Yin yoga is a specific type of yoga where instead of switching between poses after a few breaths, you hold onto each pose for longer (2). You’re allowing the less flexible deeper tissues in your body to stretch.  For example, an individual holds one asana for 3 to 10 minutes, depending on their fitness or so-called “yoga” levels.

Yin Yoga is based on the traditional Chinese medicine concepts of yin and yang.
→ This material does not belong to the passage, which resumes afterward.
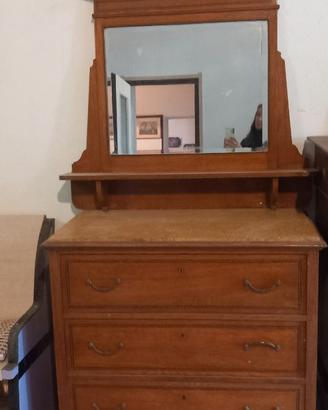 Credenze in legno con specchi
In TCM the concept of Yin and Yang serves as the means for understanding health, diagnosing and treating illnesses. 

Incorporating a mind-body connection is vital during yin yoga poses as you’ll be calming your mind and relaxing your body. 

benefits of yin yoga

Now, as I promised, here are the 5 possible yin yoga benefits (2):

  1. You might become more flexible
  2. You may boost your circulation
  3. You might become less stressed and depressed
  4. You may develop breath awareness 
  5. You might enhance your range of motion in joints and ligaments

You might become more flexible

No wonder yin yoga stretches deep connective tissues in your body along with the fascia. As you give the fascia time to relax and stretch through poses, you create space for everything else inside your body and the fascia. It increases your mobility and flexibility, reduces the sensation of stiffness, and enhances movement freedom.

You may boost your circulation

Yin yoga gets your blood flowing. By targeting your deep tissues and ligaments while breathing into each pose, you draw more oxygen into your muscles and body. This promotes blood circulation in your joints (4). This boosts proper circulation, you keep your heart work more stable, your brain sharp, and you’re able to heal wounds faster.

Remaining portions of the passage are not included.